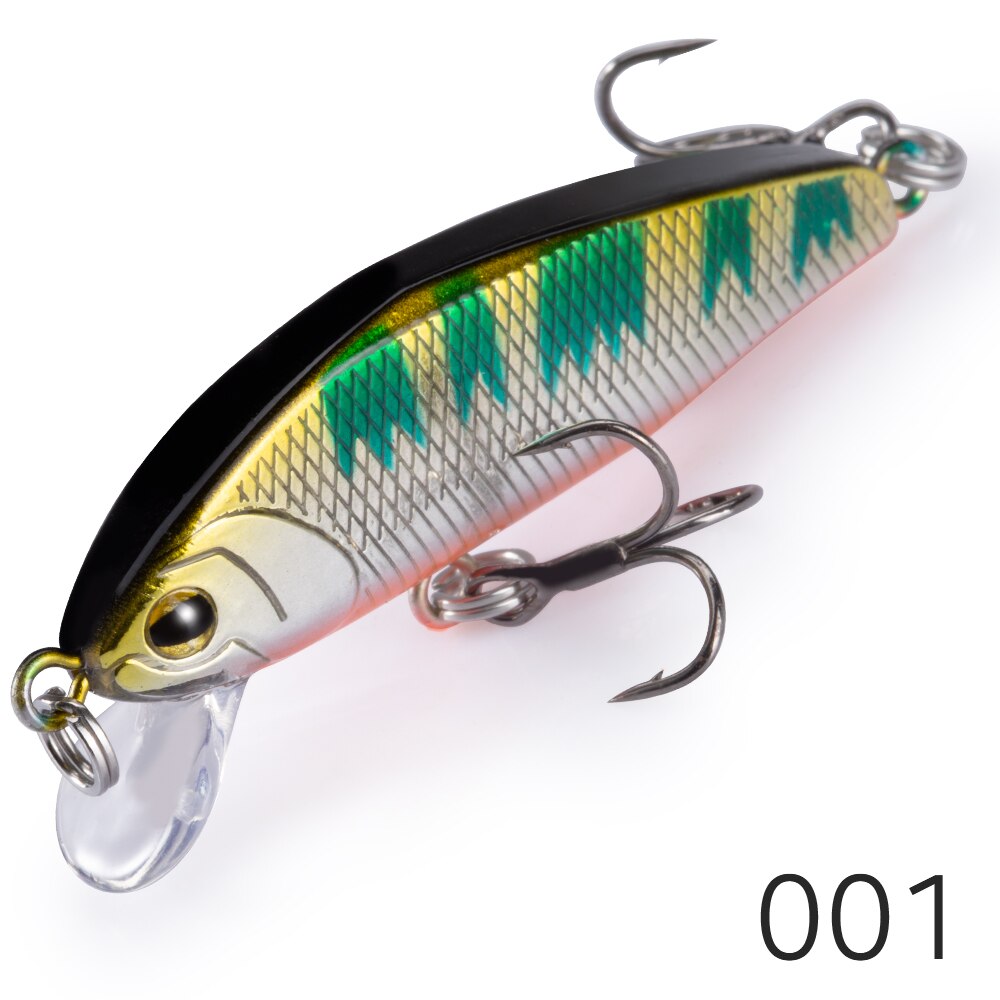 D1 Fishing Sinking Minnow Lures Trout Wobblers 44mm Crankbait High Artificial Freshwater Hard Bait Tackle Pesca Set: 001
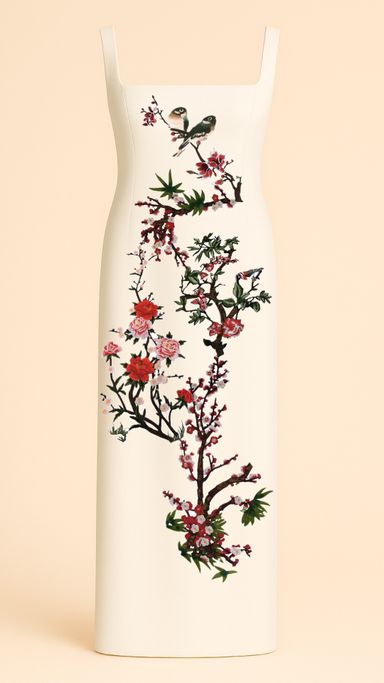 Red Blossom Maxi Dress in Off-white 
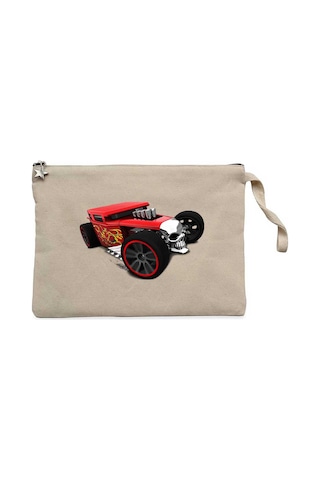 HOT WHEELS Skull Car Krem Clutch Astarlı Cüzdan / El Çantası Krem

#### [EXERCISE REQUIREMENTS]
The listing above must be repeated exactly. Its pictures are not part of the copy.

#### [ANSWER SPACE]
 D1 Fishing Sinking Minnow Lures Trout Wobblers 44mm Crankbait High Artificial Freshwater Hard Bait Tackle Pesca Set: 001
 Red Blossom Maxi Dress in Off-white 
 HOT WHEELS Skull Car Krem Clutch Astarlı Cüzdan / El Çantası Krem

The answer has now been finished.